And the Beats live on at Best Buy.
The Richfield-based consumer electronics giant is once again collaborating with Beats, the high-flying premium headphone maker founded by rap mogul Dr. Dre and record executive Jimmy Iovine, said two sources with knowledge of the project. Best Buy and Beats previously worked together to sell disc jockey equipment.
Best Buy officials declined to offer any details and Beats spokesperson did not respond to a request for comment. But analysts say a partnership could range from high-profile merchandise displays to the retailer exclusively selling a new Beats product. A store-within-a-store concept is another possibility, though analysts say Beat’s limited product assortments makes that idea unlikely.
“I’m not sure [premium] headphones justify breaking out a lot of store space,” said Stephen Baker, an analyst with market research firm NPD.
In any case, such an alliance fits nicely with CEO Hubert Joly’s strategy of devoting store space to products and experiences that drive traffic and increase revenue per square foot. Over the past two years, Best Buy has been struggling to grow same-store sales as consumers increasingly migrate toward the Internet.
The company, however, seems to have stabilized its performance in the past two quarters. And Best Buy recently struck deals with Samsung and Microsoft to create stores-within-stores to push sales of laptops, computers and mobile devices. Such partnerships have helped boost Best Buy stock price in recent months.

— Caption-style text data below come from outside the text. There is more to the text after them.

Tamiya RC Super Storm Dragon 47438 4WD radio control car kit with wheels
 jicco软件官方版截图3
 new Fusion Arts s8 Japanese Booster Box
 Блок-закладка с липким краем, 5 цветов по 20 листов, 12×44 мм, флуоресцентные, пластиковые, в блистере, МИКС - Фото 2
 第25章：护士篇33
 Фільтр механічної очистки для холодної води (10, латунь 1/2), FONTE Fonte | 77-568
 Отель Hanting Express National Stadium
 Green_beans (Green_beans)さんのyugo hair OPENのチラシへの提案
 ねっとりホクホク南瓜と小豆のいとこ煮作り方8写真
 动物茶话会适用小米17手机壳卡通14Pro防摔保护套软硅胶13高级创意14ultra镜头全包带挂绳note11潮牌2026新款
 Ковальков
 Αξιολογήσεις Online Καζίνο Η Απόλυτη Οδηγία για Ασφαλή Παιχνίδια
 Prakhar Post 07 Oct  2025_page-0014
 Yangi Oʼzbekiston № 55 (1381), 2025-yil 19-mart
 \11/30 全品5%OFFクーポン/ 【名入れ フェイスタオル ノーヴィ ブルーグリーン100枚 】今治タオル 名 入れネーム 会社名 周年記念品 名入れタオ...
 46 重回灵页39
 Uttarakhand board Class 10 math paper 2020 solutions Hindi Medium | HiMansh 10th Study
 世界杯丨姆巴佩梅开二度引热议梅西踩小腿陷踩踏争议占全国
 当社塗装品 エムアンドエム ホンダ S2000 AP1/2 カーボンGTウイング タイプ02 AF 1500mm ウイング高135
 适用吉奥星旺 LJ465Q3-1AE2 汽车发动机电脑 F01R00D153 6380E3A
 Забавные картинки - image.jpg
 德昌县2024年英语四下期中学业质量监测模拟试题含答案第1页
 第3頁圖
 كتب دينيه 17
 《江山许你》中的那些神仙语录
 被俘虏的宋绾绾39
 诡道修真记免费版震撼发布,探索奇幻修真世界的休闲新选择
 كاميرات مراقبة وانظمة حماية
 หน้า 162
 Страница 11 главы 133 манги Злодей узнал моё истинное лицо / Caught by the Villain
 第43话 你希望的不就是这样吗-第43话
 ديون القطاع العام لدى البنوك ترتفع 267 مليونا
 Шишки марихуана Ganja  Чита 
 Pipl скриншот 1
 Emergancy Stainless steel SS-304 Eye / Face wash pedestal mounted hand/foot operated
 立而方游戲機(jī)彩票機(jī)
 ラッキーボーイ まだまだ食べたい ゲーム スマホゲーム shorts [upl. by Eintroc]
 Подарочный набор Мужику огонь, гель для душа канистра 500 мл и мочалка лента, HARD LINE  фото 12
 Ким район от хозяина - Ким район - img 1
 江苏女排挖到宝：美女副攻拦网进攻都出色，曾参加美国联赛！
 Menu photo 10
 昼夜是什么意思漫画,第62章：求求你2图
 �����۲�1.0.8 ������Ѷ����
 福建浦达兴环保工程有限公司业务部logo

Founded in 2008, Beats Electronics, based in Santa Monica, Calif., pioneered the category of premium headphones. Endorsed by celebrities like LeBron James, Justin Bieber and Lady Gaga, the $300 headphones, the company claims, can transmit high quality audio similar to what singers and musicians hear in recording studios. The stylish devices, known for a large “B” printed on the sides, have become hugely popular, spawning a number of competitors in the once sleepy personal audio market.
For the first three months of 2013, unit sales for premium stereo headphones ($100 or more) grew 25 percent compared to the same period a year ago and accounted for 95 percent of the revenue growth for the total headphone market, according to NPD data.
This would be the second time Best Buy has teamed up with Dre and Iovine, the chairman of Interscope Geffen A&M Records. In 2009, Best Buy launched Club Beats, a special store section devoted to DJ equipment, at 300 stores across the country. At the time, Best Buy had hoped Club Beats would offer customers a natural complement to its musical instruments department.
With the new venture, Best Buy could be looking to create another special section for Beats merchandise. But for Best Buy to devote the same amount of space to Beats as it does to its Samsung and Microsoft stores-within-a-store would be impractical because of the relatively small market for premium headphones, analysts say.
Nevertheless, Beats offers some intriguing possibilities. Although Beats primarily makes headphones, the company has been expanding into other markets, such as speakers and earphones. In addition, Beats enjoys alliances with Hewlett-Packard, HTC and Chrysler to install Beats audio technology in laptops, mobile devices and cars.
Ben Arnold, director of industry analysis for NPD, says the headphone market is larger than one thinks because people prefer high-quality audio when consuming content on their mobile devices, such as video games, movies and music. While Beats products carry a high price tag, Best Buy has also been stocking more of its shelves with premium products, such as high-end appliances and $15,000 televisions.
And while installing a Beats store in all 1,000 Best Buy stores doesn’t make much financial sense, the retailer could at least test a concept at some stores in major markets like Los Angeles or New York. Beats operates one store in the United States on Greene Street in New York City.